(Web page caption snippets)
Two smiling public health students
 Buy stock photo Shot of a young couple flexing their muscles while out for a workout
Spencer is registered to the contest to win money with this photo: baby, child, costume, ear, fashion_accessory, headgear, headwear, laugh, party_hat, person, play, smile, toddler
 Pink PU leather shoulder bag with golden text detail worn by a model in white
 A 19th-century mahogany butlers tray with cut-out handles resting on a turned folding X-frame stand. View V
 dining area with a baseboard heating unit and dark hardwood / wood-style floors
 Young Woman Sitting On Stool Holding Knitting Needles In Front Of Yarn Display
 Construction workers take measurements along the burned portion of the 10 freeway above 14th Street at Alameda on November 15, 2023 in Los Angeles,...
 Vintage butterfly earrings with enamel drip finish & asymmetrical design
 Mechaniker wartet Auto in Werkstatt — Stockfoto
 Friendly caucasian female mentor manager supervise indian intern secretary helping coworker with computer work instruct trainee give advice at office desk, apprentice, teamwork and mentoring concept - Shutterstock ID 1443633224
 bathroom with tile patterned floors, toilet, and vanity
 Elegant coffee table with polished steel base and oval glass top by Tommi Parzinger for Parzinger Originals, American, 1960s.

Aim of the exercise:
Transcribe exactly, and only, the lines that extend from the one containing "dining area with" to the end of the records above, inclusive of both.

Output of the task:
 dining area with a baseboard heating unit and dark hardwood / wood-style floors
 Young Woman Sitting On Stool Holding Knitting Needles In Front Of Yarn Display
 Construction workers take measurements along the burned portion of the 10 freeway above 14th Street at Alameda on November 15, 2023 in Los Angeles,...
 Vintage butterfly earrings with enamel drip finish & asymmetrical design
 Mechaniker wartet Auto in Werkstatt — Stockfoto
 Friendly caucasian female mentor manager supervise indian intern secretary helping coworker with computer work instruct trainee give advice at office desk, apprentice, teamwork and mentoring concept - Shutterstock ID 1443633224
 bathroom with tile patterned floors, toilet, and vanity
 Elegant coffee table with polished steel base and oval glass top by Tommi Parzinger for Parzinger Originals, American, 1960s.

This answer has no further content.